De quoi péjorer la situation de tous les actifs qui peinent déjà à boucler leurs fins de mois, tout en maintenant, une fois arrivé à la retraite, les inégalités rencontrées entre hommes et femmes face à l’emploi. Les différences de revenus liées aux temps partiels imposés, au décrochage professionnel au moment de la maternité et à la discrimination salariale directe et indirecte se retrouvent en effet telles quelles dans le système de cotisations individuelles du 2e pilier, les femmes touchant en moyenne une rente annuelle de 18 000 francs, contre 32 400 francs pour les hommes. Alors qu’un traitement plus égalitaire des re­trai­té·e·s passerait d’abord et avant tout par une répartition plus équitable des gains de productivités entre les sexes et les classes durant la vie active, le renforcement du système de capitalisation par tête démontre donc un choix politique qui va à l’encontre de l’égalité entre les sexes et plus généralement d’un projet de plus juste répartition des richesses entre toutes et tous. 

 

Carotte de la négociation, « l’égalité salariale » propulsée sur le devant de la scène par les centrales syndicales à l’occasion de la manifestation du 7 mars prochain ne représenterait qu’une maigre compensation, pour autant qu’elle puisse encore être obtenue et réellement appliquée.

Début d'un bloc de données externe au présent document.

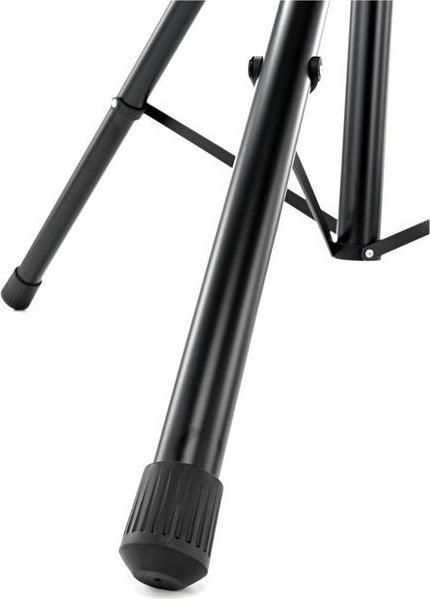 Produktbild K&M 24630 (291.50 cm, 20 kg)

Les revendications mises en avant officiellement par le comité d’organisation ne concernent en effet que la seule discrimination salariale directe, soit la part d’écart salarial entre hommes et femmes, actuellement de l’ordre de 7 %, qui reste à compétences – dites « objectives » – égales, c’est-à-dire lorsqu’on a neutralisé les variables de formation, d’’années de service et de postes occupés, qui sont toutes directement influencées par des mécanismes de discriminations indirectes. Une goutte d’eau, aussi importante soit-elle, dans l’océan des inégalités créées par les temps partiels imposés, la dévalorisation systématique des métiers féminisés et l’absence de partage du temps de travail rémunéré et non rémunéré, ne saurait justifier que l’on avale sans broncher le paquet Berset dans son entier.

 

Nous payons depuis des décennies le fait d’être des femmes malgré l’interdiction officielle de la discrimination, il est hors de question qu’on cherche encore à nous vendre l’égalité salariale au prix d’une année de travail supplémentaire.